One problem with the printed version is that many readers are in the dark as to the proper pronunciation. But with this recording, that problem is now overcome.

Since the question of how to pronounce the canticle properly is the most frequent question, that is where I will begin.

Ani, IHVH-ADNI, Ribonno Shel Olam, Amen.

That is the proper pronunciation, tonality and rhythm.

Let's break it down into the five component breaths.

The first breath is Ani. This Hebrew word, spelled Aleph-Nun-Yod, means "I am".

The speaking begins with your lowest natural note and rises smoothly to end with your highest natural note. Ani. You should hold the final "Yod" until your breath is fully spent.

The second breath is IHVH. This is the so-called, unspeakable Name of G-d in the Jewish Tradition. Thus we speak it as four separate letters, subsumed by a single breath. Each letter should take up about one quarter of your exhale and each is spoken at your highest natural note. In other words, the same note you ended your first breath with. Thus: Ani, IHVH.

The third breath is ADNI. This Hebrew word, spelled Aleph-Daleth-Nun-Yod, translates into English as "Lord". and is the spoken substitute for the unspeakable Name, IHVH. However, in Kabbala, ADNI is a specific title and is not just a substitute for IHVH. Often, it modifies the IHVH and we arrive at IHVH-ADNI, or even see the two combined into IAHDVNHI.

ADNI is given the same tonality as the Ani. Ani. ADNI. Both begin at your lowest natural tone and rise to your highest. ADNI however, has three syllables instead of Ani's two, so the "don" of ADNI is spoken very briefly and the Yod is extended. The Aleph is what rises upward along the scale and both the "don" and the Yod are spoken at the highest note. Thus: ADNI.

The fourth breath is the phrase Ribonno Shel Olam. This Hebrew phrase translates into English as "Master Unto the Ages" or alternately, "Master of the Universe". The "universe" in this case is the entire temporal realm, so I prefer "unto the ages" over "of the universe".

The first word of this phrase, "Ribonno", means master, but not in the slave-driver sense. You will note that it shares the same Hebrew root as the word "Rabbi" and this is the sort of mastery implied here. "Ribonno" is said at your highest note, which is where you left off in the third breath at the end of ADNI. Ribonno. Speaking "Ribonno" should expend one quarter of your fourth breath.

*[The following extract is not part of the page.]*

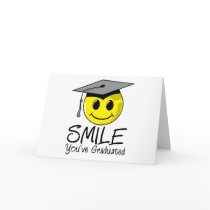 Smile You've Graduated Greeting Card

The second word in this phrase is Shel. It also expends one quarter of your breath. "Shel" means "unto" or "of the" and is spoken at your lowest natural tone. Thus: ADNI, Ribonno Shel.

The third and final word in this phrase is Olam. It consumes the final half of your fourth breath and is spoken at a middle-range tone. It is the only word in the entire canticle spoken at this tone. Thus: Ribonno Shel Olam.

The fifth and final spoken breath is the word Amen. This is a common ending for prayer in the Judeo-Christian traditions. It's meaning and the philosophy behind it however, are very complex. Its simplest translation into English is "Truth", but it also means "Faith". It's composed of the letters Aleph-Mem-Nun and has two syllables. Therefore, it is spoken exactly the same as the opening Ani, with each syllable receiving equal breath. Thus: Amen.

So, let's put it all back together:

Ani -- inhale --IHVH -- inhale -- ADNI -- inhale --Ribonno Shel Olam -- inhale --Amen.

Let's try it together. Speak with me:

Ani, IHVH, ADNI, Ribonno Shel Olam, Amen.

And again:

Ani, IHVH, ADNI, Ribonno Shel Olam, Amen.

And one final time:

Ani, IHVH, ADNI, Ribonno Shel Olam, Amen.

Very well!

This ends Lesson One. I suggest that you practice pronouncing until it comes easily --until you achieve the proper pronunciation, tone and rhythm automatically. Only then should you move on to Lesson Two and begin learning the three-part magical speaking of the canticle.